Wallop was the third son of John Wallop, of Farleigh Wallop and his wife Alicia, daughter of William Borlase. The Wallops were an old and influential Hampshire family; his great-grandfather was the regicide Robert Wallop. His father died about 1694, and he succeeded an elder brother, Bluett Wallop, in the family estates in 1707. Wallop was educated at Eton in 1708, in Geneva from 1708 to 1709, and took his Grand Tour through Italy and Germany in 1710.
Political career
In 1715, Wallop was returned as a WhigMember of Parliament for both Andover, where a family interest existed, and Hampshire, choosing to sit for the latter. In 1717, he took the side of Stanhope and Sunderland over Walpole and Townshend and was rewarded with appointment as a junior Lord of the Treasury. He was re-elected without opposition at the ensuing by-election in Hampshire. However, he voted against the Government on the repeal of the Occasional Conformity and Schism Acts.
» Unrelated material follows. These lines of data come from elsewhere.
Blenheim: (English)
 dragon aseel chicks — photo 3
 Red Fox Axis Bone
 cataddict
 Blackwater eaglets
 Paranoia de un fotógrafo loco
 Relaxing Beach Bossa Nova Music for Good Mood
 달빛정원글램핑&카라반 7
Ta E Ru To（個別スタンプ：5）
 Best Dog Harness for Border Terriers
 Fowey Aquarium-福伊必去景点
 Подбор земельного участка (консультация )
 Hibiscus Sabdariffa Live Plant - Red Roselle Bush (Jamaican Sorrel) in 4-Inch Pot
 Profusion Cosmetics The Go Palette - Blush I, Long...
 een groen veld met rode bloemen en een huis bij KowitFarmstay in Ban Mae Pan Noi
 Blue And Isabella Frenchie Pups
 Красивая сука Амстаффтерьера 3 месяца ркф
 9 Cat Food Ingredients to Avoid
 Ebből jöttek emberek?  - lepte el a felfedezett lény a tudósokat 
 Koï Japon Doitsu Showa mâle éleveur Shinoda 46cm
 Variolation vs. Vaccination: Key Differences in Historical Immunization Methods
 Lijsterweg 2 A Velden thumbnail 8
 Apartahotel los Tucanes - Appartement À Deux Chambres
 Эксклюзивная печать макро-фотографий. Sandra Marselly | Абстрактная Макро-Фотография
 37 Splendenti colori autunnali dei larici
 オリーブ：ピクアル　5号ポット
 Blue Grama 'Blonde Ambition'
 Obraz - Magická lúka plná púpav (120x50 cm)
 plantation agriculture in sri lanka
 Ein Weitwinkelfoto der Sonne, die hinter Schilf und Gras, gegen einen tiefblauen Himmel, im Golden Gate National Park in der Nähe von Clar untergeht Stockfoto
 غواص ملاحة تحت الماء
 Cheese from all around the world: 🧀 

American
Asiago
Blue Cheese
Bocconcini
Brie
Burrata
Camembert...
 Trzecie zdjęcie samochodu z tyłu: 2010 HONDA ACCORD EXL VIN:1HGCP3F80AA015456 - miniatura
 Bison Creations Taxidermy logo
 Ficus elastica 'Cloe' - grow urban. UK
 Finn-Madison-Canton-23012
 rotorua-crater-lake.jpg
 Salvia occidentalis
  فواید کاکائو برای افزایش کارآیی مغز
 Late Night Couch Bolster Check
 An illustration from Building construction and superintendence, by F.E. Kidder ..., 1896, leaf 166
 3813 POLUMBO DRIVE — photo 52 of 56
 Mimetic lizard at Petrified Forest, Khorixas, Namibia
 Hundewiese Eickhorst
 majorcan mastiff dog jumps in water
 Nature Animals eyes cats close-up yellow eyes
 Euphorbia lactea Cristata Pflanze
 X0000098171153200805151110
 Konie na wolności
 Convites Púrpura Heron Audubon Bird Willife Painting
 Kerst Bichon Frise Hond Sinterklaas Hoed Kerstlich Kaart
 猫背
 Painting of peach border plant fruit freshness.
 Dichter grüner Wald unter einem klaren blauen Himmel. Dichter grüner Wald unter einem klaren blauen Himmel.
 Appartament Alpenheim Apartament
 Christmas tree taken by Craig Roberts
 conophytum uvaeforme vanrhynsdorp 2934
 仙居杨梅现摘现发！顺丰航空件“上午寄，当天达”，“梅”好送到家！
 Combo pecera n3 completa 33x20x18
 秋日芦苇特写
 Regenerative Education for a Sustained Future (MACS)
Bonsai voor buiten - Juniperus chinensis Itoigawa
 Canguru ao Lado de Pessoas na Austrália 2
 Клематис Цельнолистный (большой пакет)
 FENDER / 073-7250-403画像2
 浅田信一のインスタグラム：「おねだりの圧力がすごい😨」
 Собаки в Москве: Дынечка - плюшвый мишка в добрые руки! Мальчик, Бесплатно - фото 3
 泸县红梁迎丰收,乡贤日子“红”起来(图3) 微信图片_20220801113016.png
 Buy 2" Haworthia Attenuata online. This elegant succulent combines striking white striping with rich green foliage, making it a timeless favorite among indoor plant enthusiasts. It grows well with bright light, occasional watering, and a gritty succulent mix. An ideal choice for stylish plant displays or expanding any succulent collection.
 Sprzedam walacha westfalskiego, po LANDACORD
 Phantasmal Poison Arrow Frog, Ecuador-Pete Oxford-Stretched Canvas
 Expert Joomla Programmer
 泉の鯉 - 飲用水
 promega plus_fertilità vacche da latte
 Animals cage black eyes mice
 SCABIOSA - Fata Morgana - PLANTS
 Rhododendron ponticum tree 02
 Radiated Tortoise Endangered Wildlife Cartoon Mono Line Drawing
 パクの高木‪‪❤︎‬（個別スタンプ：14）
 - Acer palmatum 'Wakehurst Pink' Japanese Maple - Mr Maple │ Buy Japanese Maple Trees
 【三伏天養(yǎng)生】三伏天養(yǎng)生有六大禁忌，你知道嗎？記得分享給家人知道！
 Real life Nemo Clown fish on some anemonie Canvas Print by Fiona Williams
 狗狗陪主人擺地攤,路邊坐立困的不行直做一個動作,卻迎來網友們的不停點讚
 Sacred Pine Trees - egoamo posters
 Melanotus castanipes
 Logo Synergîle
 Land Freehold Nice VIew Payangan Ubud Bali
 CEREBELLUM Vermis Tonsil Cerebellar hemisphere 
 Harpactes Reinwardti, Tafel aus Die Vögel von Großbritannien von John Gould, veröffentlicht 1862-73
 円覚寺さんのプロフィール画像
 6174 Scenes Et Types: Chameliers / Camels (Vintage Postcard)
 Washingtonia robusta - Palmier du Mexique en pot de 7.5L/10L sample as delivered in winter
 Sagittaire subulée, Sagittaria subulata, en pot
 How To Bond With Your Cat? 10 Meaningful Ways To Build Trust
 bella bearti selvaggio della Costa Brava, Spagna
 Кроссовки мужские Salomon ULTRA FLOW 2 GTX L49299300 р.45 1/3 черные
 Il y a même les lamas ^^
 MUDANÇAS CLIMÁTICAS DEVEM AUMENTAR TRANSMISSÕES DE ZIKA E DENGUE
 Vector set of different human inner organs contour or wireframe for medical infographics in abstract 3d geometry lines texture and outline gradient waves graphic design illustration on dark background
When Sunderland fell in 1720 after the South Sea Bubble, Wallop was put out of the Treasury. He was compensated with a peerage, being created Viscount Lymington and Baron Wallop on 11 June 1720. In 1731, he suggested to Queen Caroline that he should replace the Duke of Bolton as the Government's electoral manager in Hampshire, but nothing immediately came of this. On 11 January 1732 he was appointed Justice in Eyre for the forests north of Trent. In 1733, when the Duke of Bolton broke with Walpole over the proposed Excise Bill, he was stripped of most of his offices; Lymington succeeded him as Lord Lieutenant of Hampshire, Vice-Admiral of Hampshire, and Vice-Admiral of the Isle of Wight. In July 1734, the Duke of Montagu, who had succeeded Bolton as Governor of the Isle of Wight, resigned that office and Lymington received it as well, although he resigned office as Justice in Eyre that year. The disaffection of Bolton threatened the Whig interest in Hampshire. Lymington worked in "perfect harmony" with Lord Harry Powlett, Bolton's brother and one of the Whig candidates, but Bolton's opposition to Anthony Chute, the other Whig, resulted in the defeat of Chute and the victory of one of the Tory candidates, Edward Lisle. Upon Walpole's fall in 1742, the Duke of Bolton regained all of his prior offices in Hampshire and the Isle of Wight, to Lymington's loss. As in 1720, Lymington was compensated with a peerage, and was created Earl of Portsmouth on 11 October 1743. He regained the offices of Governor and Vice-Admiral of the Isle of Wight in 1746, when Bolton supported the abortive ministry of Bath and Granville and was deprived of those posts by the Pelhams.